Jan. 21st, 2006 01:36 pm
tealin: (Default)
[personal profile] tealin
Earlier this week I had a conversation in which I used a colourful euphemism, and my conversee corrected me by supplanting it with the dull, blunt word it danced around. Now correct me if I’m wrong, but I had always assumed that everyone knows what euphemisms stand for, otherwise they wouldn’t get used, or would be called symbolism or something fancy like that. When someone says ‘kicked the bucket,’ you know they don’t mean that someone literally walked up to a bucket an kicked it, you know that they expired, passed away, bit the dust, bought the farm, or otherwise died. (Please forgive me such a morbid example; euphemisms for death spring most readily to mind as there are a nearly unlimited supply.) I was also reminded of a point made by Daniel Handler in the interview to be found on the Bad Beginning audio book, in regards to the large words and sophisticated idioms found in the Snicket books:
It is really no fun to say ‘my, what a big truck’ when you can say ‘my, what a corpulent truck.’ The English language is filled with so many marvellous words that it seems a shame not to use the good ones. For instance, to say ‘the English language is filled with good words’ is not nearly as much fun as saying ‘the English language is filled with marvellous words.’ So I think Mr Snicket, like any author worth his salt, likes to use expressions like ‘worth his salt,’ rather than ‘like any author who is good.’

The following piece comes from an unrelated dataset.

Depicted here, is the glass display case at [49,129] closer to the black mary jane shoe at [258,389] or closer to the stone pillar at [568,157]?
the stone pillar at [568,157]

So, in the somewhat snarky spirit of clarity and straightforwardness, I now bring you the first in what might possibly be a series of ‘Cut the Crap and Get To It!’

The original:
What a piece of work is man! How noble in reason! how infinite in faculties! in form and moving, how express and admirable! in action how like an angel! in apprehension, how like a god! the beauty of the world! the paragon of animals! And yet, to me, what is this quintessence of dust? Man delights not me; no, nor woman neither, though by your smiling you seem to say so.
And the honest truth:
Man is really something. Being smart makes him good. He can do a lot of things. The shape he is and the way he moves is good. Whether doing something or not, he’s impressive, good-looking, and better than the other animals. But what is this thing to me? Man doesn’t make me happy – and girls don’t either, you perverts.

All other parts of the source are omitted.